Electric arcs are a discharge of electricity resulting from an electrical breakdown of gases in the air. Electricity flows through the arc between two points called electrodes, producing a plasma that can sometimes be visible. Both the electric current and the electrodes in this case are referenced as an electric arc. It is important to note the difference between an electric arc and an electric spark; the former is a continuous discharge of electricity while the latter has a momentary discharge.
There are two types of electric arcs to be aware of in the workplace: controlled and unwanted. Electric arcs have long been harnessed and used for a variety of applications beginning in the late nineteenth century when the first electric street light utilized electric arc lighting. Today, the heat from controlled electric arcs are used in welding, plasma cutting, and certain kinds of chemical analysis. Furthermore, electric arcs have been used in movie projectors, stage lighting, and steel-producing furnaces.

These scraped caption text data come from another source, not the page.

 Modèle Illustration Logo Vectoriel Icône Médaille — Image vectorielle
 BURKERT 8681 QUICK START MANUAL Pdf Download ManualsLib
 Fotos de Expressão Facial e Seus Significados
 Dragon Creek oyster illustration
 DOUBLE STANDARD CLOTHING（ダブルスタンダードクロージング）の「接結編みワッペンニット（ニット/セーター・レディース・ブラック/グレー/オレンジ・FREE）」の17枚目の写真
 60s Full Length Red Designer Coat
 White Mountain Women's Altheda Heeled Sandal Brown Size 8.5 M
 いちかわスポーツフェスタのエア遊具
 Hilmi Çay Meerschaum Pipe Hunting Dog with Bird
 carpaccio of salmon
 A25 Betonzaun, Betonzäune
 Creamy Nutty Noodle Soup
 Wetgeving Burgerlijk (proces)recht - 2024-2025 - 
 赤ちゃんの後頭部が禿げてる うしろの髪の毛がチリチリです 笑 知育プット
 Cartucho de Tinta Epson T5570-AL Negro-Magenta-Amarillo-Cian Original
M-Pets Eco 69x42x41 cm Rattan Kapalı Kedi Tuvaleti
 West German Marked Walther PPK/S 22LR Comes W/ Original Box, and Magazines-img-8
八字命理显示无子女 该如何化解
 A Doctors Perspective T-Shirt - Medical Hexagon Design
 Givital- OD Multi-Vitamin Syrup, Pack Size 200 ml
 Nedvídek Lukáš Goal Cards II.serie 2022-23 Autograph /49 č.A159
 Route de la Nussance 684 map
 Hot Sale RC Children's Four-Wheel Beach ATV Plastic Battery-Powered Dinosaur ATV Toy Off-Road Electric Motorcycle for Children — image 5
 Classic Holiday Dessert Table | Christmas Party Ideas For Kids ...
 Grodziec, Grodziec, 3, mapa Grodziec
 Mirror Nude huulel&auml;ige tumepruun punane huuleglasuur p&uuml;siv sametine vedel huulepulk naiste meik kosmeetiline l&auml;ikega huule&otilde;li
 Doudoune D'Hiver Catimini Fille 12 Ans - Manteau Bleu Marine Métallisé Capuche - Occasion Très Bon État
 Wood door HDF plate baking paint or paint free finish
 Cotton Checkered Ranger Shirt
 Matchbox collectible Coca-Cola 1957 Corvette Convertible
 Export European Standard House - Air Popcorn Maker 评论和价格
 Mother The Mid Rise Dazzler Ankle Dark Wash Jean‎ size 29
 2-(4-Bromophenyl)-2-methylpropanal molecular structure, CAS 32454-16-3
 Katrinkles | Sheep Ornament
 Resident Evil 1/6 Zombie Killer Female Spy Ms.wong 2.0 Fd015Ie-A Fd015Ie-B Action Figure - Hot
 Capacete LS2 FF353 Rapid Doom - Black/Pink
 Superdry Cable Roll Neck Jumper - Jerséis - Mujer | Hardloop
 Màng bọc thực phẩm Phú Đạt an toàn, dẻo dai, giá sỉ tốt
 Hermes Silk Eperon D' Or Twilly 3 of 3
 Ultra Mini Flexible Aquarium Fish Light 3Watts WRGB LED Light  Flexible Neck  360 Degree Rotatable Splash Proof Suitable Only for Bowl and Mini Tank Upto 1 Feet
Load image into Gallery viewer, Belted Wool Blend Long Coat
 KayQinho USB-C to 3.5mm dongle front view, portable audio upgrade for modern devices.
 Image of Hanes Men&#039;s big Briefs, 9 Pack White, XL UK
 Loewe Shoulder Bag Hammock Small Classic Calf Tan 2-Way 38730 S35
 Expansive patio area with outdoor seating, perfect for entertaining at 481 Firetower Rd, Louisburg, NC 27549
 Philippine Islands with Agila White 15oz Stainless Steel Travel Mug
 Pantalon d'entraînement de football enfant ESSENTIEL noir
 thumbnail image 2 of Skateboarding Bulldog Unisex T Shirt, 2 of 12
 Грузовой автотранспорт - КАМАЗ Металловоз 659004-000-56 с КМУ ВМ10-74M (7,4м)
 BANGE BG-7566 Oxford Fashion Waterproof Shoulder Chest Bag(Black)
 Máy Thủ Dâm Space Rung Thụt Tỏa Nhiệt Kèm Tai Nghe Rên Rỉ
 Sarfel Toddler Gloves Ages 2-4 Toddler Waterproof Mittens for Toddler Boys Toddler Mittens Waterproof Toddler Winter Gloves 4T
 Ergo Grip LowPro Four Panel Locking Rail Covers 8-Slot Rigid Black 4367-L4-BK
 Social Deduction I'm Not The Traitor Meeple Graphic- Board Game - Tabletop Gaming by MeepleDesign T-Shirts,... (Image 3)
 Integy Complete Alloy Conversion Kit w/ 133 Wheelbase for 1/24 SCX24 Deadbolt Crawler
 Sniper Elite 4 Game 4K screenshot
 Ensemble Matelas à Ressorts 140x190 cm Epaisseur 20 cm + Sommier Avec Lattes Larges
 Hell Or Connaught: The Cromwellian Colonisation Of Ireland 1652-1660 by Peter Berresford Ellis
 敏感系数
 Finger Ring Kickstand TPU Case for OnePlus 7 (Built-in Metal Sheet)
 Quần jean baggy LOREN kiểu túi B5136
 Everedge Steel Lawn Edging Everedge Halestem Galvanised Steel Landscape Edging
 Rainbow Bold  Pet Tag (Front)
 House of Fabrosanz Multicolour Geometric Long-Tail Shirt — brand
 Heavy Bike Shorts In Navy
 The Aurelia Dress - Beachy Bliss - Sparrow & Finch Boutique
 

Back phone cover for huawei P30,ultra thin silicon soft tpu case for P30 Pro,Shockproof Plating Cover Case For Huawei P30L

On the other hand, unintended electric arcs have the potential to be extremely dangerous to both workers and the facility. Arc flashes occur when the heat and light produced from an undesired electric arc is supplied with a high enough voltage to cause injury or damage. It is a type of electrical explosion that can produce a blinding flash of light, deafening noises, and enough pressure to cause a concussion. Workers are at serious risk when it comes to arc flash as it has the potential to cause severe burns, electrocution, and in some cases death. Additionally, an arc flash can create temperatures hotter than the surface of the sun, start fires in the immediate area, and the blast itself has the ability to shatter windows and splinter wood.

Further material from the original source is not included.